Ella... Bajo la sombra de un fantasma.

Capítulo 3: Convivencia silenciosa

Luego de aquella conversación, él y yo entramos en una convivencia muda y áspera.
Sin decirlo en voz alta, me obligaba a respetar el lugar de Irene. No era él quien lo hacía directamente, sino la casa… y sobre todo la empleada, que decía con elegancia lo que él no se atrevía.
Cada vez que íbamos a cenar, ella se adelantaba con tono impecable:

—Esta es la silla de la señora Irene, y si al señor no le importa, me gustaría que se respete su espacio.

La primera vez que lo escuché, no quise sentarme a la mesa. Me levanté y me fui.

Pero antes de que pudiera desaparecer del todo, la mujer le dijo a mi esposo, casi con una sonrisa indulgente:

—La nueva señora es un poco susceptible, ¿no cree, señor?

Lo peor no fue eso.
Lo peor fue su respuesta.

—Se acostumbrará. Al fin y al cabo, es y será mi esposa.

Esa noche no pude dormir. Tenía miedo incluso de levantarme de la cama, porque aquel horrendo cuadro que colgaba en la sala parecía juzgar cada parte de mi ser, como si yo fuera una intrusa en mi propia casa.
Decidí entonces no entrar en más discusiones. Guardé silencio.
Pero a la mañana siguiente, mientras caminaba por el pasillo, sentí un perfume de mujer que no era el mío. Mi corazón se partió.
En ese momento pasó la empleada, Clara, una mujer de muchos años al servicio del joven heredero. Con temor, le pregunté:

—Este aroma es…

No pude terminar la frase.

—Es el exquisito perfume de la señora Irene —dijo con naturalidad—. Lo rocío cada mañana para que su espíritu nos bendiga con gracia y, algún día, con un heredero.

Tragó saliva y continuó, sin notar el temblor que me recorría.

—La pobre no podía tener hijos. Toda esperanza quedó olvidada para ella, aunque el señor no estaba de acuerdo. La amaba con locura y no le importaba nada más.
Sentí cómo mi rostro cambiaba, cómo el calor me subía a las mejillas, pero Clara no lo notó. Siguió hablando, incluso se animó a opinar:

—No se vaya a ofender, señora… pero seguro usted podría darle hijos. Tal vez, si mejora un poco su aspecto... El la miraría con mejores ojos, al fin y al cabo es linda, podría verse aún mejor. ¿No cree que eso la haría sentir bien?

El calor se volvió insoportable. Estaba a punto de interrumpirla cuando ella exclamó, mirando el reloj:

—Oh, se me ha volado el tiempo. Tengo que limpiar la habitación de los señores.

—Pero la nuestra ya la has limpiado —dije, casi sin voz.

—Perdón, digo la de la señora Irene. Debo darme prisa. Que tenga un lindo día.

Se retiró dejándome sola, vacía y humillada.
Mi frustración volvió de golpe. Él dormía todas las noches en esa habitación, y ya ni siquiera lo veía en el desayuno.
Decidí llamar a mi mejor amiga. No quería preocupar a mi familia.
Cuando respondió, dijo con entusiasmo:

—¡¿Cómo estás, Vera, vieja amiga?! ¡Cuánto tiempo!

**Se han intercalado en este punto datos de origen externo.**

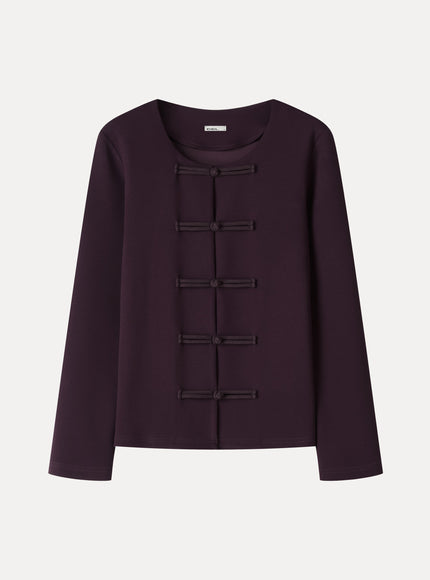 Stretch Ponte Frog-Button Round Neck Long Sleeve Jacket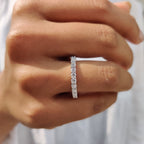 Round Moissanite Eternity Band In Secure Prong
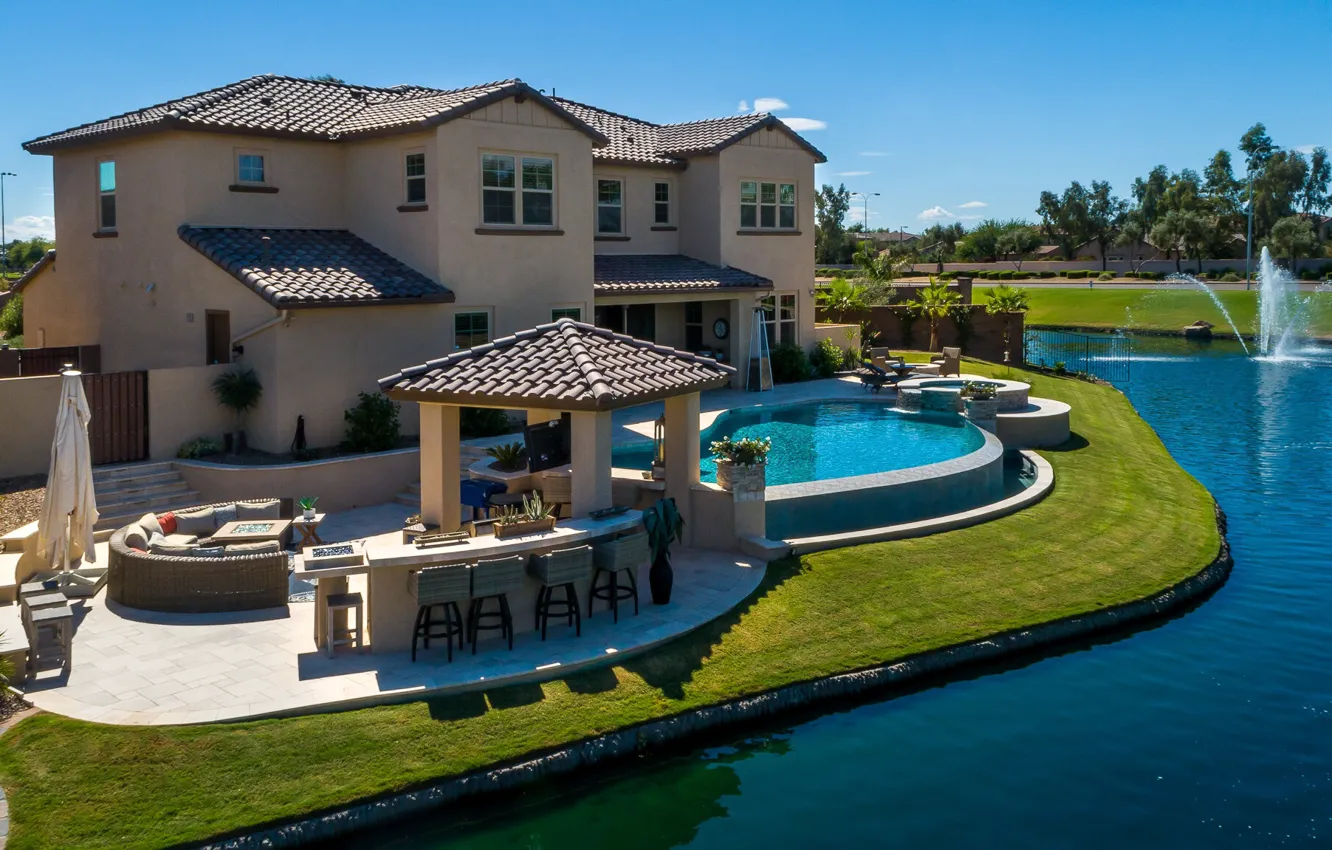 Photo wallpaper river, Villa, pool, architecture, mansion, terrace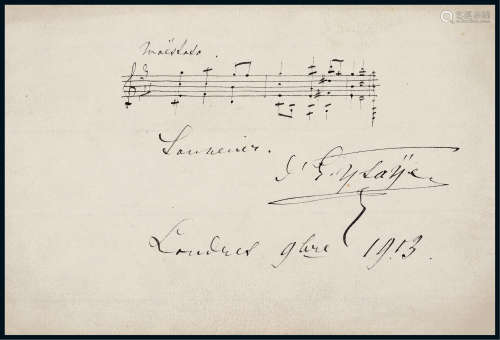“比利时著名小提琴家” 尤金·伊萨伊（Eugene Ysaye）手书乐谱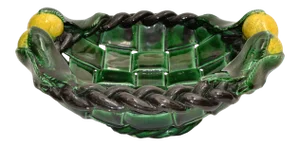 Marked Vallauris France Ceramic Lemon Basket Green & Yellow Mid-Century Modern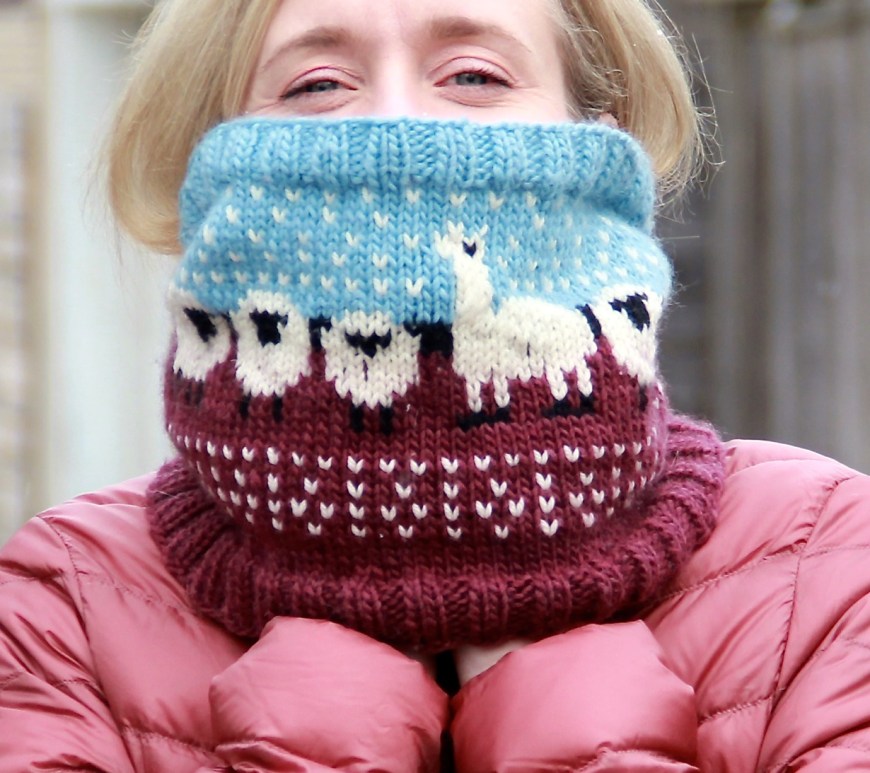 Happy sheep cowl neck warmer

No pude contener las lágrimas. Le conté todo. Ella me escuchó en silencio y luego me aconsejó:

—Amiga, esta es tu vida. Pero si me preguntas, intenta conquistarlo. Recuérdale lo que sentía por ti. Haz que vuelva a ponerte en primer lugar.
Seguí su consejo. Cambié mi comportamiento. Respeté la memoria de la difunta, intentando apaciguar las aguas. Logré que él pasara varias noches conmigo, despierto, enredado entre mis sábanas. En esos momentos mágicos sentía que volvía a ser mío.

Pero cada mañana regresaba el perfume de ella.
Y las reglas silenciosas de la ama de llaves.
Entonces pensé que, si lograba llevarlo a esa habitación, la historia cambiaría. Que, al fin y al cabo, ella pasaría a ser solo un recuerdo.
Me preparé para lo que creí sería la noche más mágica de todas. Entre caricias y deseo, reuní valor y le susurré entre besos:

—Vamos a tu cuarto…

Al principio no pareció escucharme. Cuando logré acercarlo lo suficiente a la habitación prohibida, me detuvo en seco.

—No vas a poder ocupar su lugar.

Se fue, confundido, dejándome sola. Entré en mi habitación y lloré hasta quedarme sin fuerzas.
Fue entonces cuando lo supe.
Ya no podía hacer nada más.
Decidí escapar y volver a mi pueblo. Volví ha hablar con a mi amiga, le conté mi plan porque yo no tenía dinero y ella lo reunió para ayudarme a regresar.